Lines to restate from the data below: from the one containing "Klappbarer Golf Trolley" to the one containing "Coastal Landscape With Wooden Frame", both included. Give them again exactly, and only them.

_____

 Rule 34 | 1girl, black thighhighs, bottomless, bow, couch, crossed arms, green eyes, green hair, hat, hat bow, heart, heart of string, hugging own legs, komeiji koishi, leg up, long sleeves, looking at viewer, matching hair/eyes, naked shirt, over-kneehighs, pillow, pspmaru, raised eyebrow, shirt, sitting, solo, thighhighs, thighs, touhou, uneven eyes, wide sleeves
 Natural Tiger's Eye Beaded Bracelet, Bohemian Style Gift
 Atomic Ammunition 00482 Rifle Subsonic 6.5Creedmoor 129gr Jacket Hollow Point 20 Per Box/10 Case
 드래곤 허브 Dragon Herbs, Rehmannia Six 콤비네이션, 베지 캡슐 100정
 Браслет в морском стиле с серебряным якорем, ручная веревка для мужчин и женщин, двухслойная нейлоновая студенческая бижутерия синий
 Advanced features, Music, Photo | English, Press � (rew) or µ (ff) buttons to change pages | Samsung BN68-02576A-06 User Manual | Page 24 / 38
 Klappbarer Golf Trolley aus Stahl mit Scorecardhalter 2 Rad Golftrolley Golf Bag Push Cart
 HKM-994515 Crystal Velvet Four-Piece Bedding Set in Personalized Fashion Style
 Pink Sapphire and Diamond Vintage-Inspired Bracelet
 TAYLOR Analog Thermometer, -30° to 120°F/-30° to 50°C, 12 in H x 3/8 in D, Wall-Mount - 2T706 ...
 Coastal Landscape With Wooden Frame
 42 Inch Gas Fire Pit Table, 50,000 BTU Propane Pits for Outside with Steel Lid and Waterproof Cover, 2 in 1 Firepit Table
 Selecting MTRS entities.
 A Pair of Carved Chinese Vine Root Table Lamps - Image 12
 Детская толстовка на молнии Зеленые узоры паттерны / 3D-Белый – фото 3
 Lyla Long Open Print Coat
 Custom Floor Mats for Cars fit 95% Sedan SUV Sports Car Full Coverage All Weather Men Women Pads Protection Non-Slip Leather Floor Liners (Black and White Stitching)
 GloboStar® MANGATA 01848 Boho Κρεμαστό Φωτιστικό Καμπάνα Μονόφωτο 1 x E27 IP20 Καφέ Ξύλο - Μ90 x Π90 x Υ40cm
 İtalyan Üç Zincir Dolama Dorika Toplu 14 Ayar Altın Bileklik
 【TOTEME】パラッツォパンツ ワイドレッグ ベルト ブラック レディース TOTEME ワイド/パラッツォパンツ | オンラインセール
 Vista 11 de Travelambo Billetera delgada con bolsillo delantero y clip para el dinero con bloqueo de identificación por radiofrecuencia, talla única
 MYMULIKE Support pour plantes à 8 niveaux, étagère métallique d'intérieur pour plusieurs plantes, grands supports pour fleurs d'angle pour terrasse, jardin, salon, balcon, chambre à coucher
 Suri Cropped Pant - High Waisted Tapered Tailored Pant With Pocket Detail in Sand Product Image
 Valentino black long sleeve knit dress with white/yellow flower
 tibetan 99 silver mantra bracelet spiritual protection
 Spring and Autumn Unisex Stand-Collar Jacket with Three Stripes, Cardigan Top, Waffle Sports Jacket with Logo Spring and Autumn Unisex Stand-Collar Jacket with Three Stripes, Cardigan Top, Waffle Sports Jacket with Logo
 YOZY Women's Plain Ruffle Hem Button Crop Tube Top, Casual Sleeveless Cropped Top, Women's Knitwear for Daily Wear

_____

• [RESULT OF THE TASK]:
 Klappbarer Golf Trolley aus Stahl mit Scorecardhalter 2 Rad Golftrolley Golf Bag Push Cart
 HKM-994515 Crystal Velvet Four-Piece Bedding Set in Personalized Fashion Style
 Pink Sapphire and Diamond Vintage-Inspired Bracelet
 TAYLOR Analog Thermometer, -30° to 120°F/-30° to 50°C, 12 in H x 3/8 in D, Wall-Mount - 2T706 ...
 Coastal Landscape With Wooden Frame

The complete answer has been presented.